Problem description
Below are records; please give the number of their lines that contain the string "Saint", and only that number.

==========

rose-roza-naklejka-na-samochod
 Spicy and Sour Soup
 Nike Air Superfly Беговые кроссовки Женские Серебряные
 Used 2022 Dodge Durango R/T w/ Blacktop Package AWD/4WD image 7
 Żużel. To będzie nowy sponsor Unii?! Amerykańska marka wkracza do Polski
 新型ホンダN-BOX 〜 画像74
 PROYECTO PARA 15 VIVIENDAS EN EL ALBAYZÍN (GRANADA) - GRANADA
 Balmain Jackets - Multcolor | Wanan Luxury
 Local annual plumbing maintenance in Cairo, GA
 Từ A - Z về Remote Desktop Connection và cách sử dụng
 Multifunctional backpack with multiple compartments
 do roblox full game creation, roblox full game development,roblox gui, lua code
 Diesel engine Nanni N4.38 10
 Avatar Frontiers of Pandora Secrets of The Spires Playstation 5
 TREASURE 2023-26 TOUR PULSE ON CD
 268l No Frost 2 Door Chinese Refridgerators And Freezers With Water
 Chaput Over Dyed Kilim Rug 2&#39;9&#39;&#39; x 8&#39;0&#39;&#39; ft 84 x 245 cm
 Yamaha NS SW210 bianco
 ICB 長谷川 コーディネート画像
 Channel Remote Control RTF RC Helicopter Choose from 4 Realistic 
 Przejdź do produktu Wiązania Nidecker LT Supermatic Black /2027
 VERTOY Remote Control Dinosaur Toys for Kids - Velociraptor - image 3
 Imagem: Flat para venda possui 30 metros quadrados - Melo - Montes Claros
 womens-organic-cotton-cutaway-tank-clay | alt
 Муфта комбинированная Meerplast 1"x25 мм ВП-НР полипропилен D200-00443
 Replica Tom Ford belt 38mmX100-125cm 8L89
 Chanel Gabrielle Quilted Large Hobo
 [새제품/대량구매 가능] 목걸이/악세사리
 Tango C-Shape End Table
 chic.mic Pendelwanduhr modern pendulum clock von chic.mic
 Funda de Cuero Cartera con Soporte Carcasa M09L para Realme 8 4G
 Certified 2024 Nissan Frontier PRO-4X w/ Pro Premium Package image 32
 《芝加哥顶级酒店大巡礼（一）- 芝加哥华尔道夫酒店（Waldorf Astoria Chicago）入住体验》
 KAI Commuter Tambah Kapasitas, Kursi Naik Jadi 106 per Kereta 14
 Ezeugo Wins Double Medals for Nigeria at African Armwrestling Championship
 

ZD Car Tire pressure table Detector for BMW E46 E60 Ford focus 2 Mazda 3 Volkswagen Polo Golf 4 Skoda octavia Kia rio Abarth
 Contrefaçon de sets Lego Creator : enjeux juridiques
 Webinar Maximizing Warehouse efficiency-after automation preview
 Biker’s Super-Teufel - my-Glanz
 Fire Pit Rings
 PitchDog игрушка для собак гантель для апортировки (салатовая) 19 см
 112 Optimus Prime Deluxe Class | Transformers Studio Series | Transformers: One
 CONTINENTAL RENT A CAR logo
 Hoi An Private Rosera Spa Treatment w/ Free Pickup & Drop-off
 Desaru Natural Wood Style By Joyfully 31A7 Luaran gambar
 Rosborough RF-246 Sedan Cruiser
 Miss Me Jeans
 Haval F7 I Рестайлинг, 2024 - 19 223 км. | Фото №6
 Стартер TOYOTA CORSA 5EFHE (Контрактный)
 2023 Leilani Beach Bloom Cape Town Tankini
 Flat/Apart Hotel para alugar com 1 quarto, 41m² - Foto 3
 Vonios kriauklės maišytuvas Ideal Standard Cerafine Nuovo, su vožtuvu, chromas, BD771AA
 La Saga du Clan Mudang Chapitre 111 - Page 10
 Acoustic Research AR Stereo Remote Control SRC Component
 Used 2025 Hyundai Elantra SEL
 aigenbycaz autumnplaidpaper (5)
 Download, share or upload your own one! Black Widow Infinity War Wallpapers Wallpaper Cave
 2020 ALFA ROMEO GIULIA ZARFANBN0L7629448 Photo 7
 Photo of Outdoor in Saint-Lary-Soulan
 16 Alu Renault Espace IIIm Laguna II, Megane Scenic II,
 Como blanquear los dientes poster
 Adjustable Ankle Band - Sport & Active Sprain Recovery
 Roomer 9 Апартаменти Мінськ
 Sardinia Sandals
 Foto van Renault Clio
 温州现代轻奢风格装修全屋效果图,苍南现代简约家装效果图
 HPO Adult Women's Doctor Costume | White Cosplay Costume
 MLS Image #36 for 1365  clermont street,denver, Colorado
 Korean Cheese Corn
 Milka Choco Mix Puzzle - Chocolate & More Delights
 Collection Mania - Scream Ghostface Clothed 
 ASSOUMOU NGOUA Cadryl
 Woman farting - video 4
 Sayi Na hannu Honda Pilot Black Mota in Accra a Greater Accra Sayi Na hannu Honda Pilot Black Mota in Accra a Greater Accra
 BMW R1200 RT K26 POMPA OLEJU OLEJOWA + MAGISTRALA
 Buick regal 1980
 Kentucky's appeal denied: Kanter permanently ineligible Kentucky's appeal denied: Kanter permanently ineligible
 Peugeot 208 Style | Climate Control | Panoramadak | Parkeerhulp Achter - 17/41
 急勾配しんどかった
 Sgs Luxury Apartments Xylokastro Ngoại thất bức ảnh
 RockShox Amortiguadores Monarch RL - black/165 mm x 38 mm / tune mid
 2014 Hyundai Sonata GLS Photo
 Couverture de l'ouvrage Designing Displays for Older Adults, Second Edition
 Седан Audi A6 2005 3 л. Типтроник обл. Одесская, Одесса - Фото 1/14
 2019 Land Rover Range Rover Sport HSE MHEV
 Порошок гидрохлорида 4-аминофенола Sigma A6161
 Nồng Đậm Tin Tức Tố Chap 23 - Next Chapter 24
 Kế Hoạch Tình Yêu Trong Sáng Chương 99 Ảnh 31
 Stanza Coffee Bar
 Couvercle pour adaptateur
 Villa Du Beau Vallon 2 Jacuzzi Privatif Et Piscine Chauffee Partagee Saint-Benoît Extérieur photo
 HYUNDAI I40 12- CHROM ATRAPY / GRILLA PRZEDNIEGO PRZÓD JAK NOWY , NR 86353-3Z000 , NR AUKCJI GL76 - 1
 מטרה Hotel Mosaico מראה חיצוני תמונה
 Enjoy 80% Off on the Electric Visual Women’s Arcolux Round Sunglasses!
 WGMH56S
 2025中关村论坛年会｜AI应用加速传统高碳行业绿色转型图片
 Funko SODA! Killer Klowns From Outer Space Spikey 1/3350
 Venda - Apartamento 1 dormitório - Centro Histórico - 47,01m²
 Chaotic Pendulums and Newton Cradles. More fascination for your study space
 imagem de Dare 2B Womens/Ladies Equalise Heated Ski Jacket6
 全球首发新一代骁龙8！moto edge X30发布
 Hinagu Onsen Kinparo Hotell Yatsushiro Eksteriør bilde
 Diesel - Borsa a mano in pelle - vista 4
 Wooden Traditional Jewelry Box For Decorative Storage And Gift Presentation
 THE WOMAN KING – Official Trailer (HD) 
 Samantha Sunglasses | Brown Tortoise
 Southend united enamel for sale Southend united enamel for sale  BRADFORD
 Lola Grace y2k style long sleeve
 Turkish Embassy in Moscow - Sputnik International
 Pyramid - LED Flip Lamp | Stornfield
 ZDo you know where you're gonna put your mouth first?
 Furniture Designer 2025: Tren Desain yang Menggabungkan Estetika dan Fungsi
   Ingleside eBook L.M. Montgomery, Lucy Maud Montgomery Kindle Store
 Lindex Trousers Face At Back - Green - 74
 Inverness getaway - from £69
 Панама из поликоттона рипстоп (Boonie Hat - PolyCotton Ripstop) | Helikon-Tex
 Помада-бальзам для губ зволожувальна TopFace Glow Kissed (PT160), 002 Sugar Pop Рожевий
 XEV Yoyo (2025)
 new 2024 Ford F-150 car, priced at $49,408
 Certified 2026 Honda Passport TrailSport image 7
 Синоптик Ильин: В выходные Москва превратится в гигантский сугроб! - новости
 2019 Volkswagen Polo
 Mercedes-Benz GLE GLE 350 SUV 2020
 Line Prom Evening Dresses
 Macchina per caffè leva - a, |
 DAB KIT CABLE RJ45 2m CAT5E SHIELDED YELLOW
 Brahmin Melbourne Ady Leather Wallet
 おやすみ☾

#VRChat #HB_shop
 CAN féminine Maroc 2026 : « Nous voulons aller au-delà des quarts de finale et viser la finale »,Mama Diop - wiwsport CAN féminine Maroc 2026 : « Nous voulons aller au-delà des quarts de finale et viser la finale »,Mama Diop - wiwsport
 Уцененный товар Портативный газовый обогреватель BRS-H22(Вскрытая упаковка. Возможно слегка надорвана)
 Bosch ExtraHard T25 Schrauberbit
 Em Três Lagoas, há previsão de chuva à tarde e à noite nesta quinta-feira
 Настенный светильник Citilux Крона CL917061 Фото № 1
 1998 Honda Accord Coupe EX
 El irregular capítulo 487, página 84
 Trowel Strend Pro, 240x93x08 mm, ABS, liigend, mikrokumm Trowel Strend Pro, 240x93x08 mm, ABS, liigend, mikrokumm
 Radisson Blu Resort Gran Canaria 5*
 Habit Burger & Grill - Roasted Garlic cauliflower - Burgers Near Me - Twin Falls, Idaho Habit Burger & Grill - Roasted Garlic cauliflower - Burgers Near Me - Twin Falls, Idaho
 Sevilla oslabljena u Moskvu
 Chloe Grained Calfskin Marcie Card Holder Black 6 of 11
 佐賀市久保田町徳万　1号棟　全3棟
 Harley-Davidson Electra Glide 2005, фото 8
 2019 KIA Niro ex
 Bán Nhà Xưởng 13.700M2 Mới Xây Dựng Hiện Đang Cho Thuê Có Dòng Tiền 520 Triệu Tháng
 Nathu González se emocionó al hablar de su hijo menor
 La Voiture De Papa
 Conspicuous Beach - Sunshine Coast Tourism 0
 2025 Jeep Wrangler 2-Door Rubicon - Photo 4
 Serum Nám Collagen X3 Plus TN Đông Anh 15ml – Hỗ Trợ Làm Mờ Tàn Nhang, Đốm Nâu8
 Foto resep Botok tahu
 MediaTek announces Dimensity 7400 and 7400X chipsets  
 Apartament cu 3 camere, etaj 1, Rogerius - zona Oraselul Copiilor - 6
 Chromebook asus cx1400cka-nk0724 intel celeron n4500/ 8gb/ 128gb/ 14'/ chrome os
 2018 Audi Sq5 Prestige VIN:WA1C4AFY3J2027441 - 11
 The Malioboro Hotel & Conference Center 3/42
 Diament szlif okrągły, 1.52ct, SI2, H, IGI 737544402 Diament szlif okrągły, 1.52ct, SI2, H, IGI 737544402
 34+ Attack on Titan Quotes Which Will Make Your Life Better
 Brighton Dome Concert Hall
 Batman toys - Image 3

==========

Task output
2